Lehr is no stranger to actively participating on a college campus, both in the discussion between different disciplines of study and the many other issues she deems important. In fact, that participation helped her juggle responsibilities during her own college education: Lehr balanced her graduate study work with her role as a student activist on Virginia Tech’s campus.

“I really think that being a student activist and a graduate student at the same time really prepared me to operate in multiple different arenas at the same time,” Lehr said. “It’s that experience in addition to my educational trainings and work experience that makes it possible for me to do this complicated and awesome job here at Cal Poly.”

As a graduate student, Lehr took interest in a broad range of issues from campus-centered discussions and decision making about affirmative action and sexual orientation discrimination to larger national discussion about the United States’ response to 9/11 and sexual assault.

While Lehr realizes many Cal Poly students are nervous or confused about what activism can look like on a college campus, the role of an activist is very straightforward to her.

“For me, what it means to be an activist is about organizing, bringing people together to have discussions and dialogues around issues that are controversial or issues that need attention,” Lehr said.

Lehr’s work primarily consisted of organizing meetings with people on campus and in the community who have similar and differing opinions, doing research about how the issue is really impacting people, running events and creating publications.

Lehr’s activism work, specifically around the discussion about 9/11, created less-than-ideal conditions for the safety of the activists involved. This was especially true during activism events in the Washington, D.C. area and Fort Benning, where there was a large police presence and lack of support for her cause.

“It was very difficult to raise questions about how the U.S. was responding to 9/11, about ideas like blow back, what is the history of these particular regions and how did we become targets,” Lehr said. “In fact, it literally became quite dangerous to ask those questions in terms of physical safety, not just mental and emotional safety.”

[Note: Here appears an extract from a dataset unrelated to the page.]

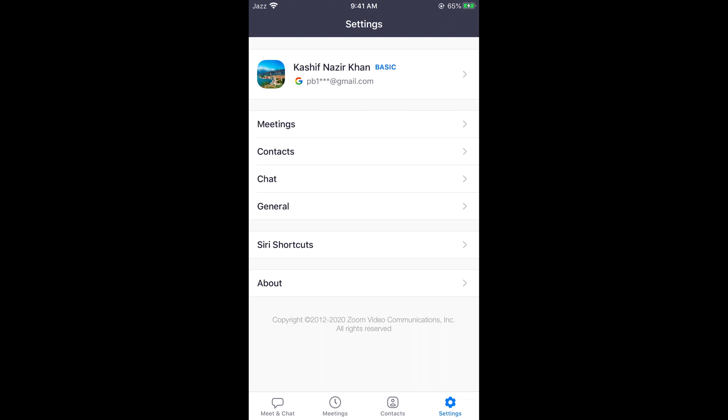At the top you can see your name, and underneath you can see your email initials. This means that you are signed in with your account on the Zoom app on phone.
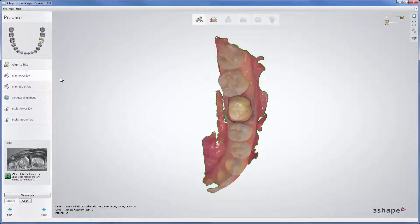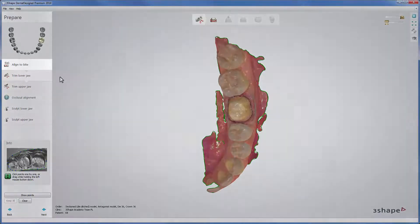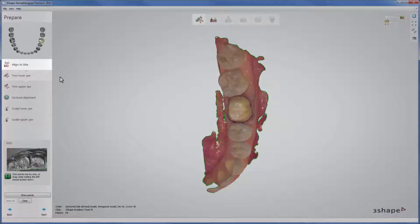When you go through the Prepare steps, Dental Designer skips automatically the Align to Bite step because it is usually done by the dentist. This step is required if the loaded scans have not been properly aligned.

However, Lehr feels that because she had a large amount of privilege and access to higher education, she is obligated to take action when she sees members of underrepresented groups being treated unfairly, she said.

“It really pales in comparison to the lived reality of so many people in the United States,” Lehr said. “My experience of briefly being in moments of physical concern as an activist are definitely not huge compared to what it must be like to interact with the police or the military in that way on a daily basis.”

On Cal Poly’s campus, Lehr has been impacting people she works with while she bridges the gap between many disciplines of academic study.

Noya Kansky, an Americorps member working within the LSAMP program, is one person Lehr has positively influenced. Kansky met Lehr while taking her gender, race, science and technology course her senior year. Though she has since graduated, Kansky feels like her academic skills have sharpened as a result of working with her.

“I really admire her as an academic,” Kansky said. “Her ability to draw connections between disparate subjects is so relevant, especially at a polytechnic university.”

Aside from Kansky’s interest in making Cal Poly a more inclusive institution, Lehr was one of the main reasons she decided to take the position. Kansky described Lehr’s enthusiasm for the program as infectious.

Assistant Professor Coleen Carrigan was brought to campus specifically because Lehr’s vision to incorporate new science and technology minors is unfolding. Carrigan admires Lehr’s advocacy on behalf of women and underrepresented groups.

Carrigan hopes to emulate Lehr’s passion and talent for effectively communicating on a broad range of scholarly ideas and applying it to subjects students care about.

“I have only been on campus for a month now, but I keep hearing about the boundaries between science and engineering and the technology fields and the liberal arts,” Carrigan said. “If there is anybody that is going to try to bridge those major fields of study, it is going to be someone like Dr. Lehr.”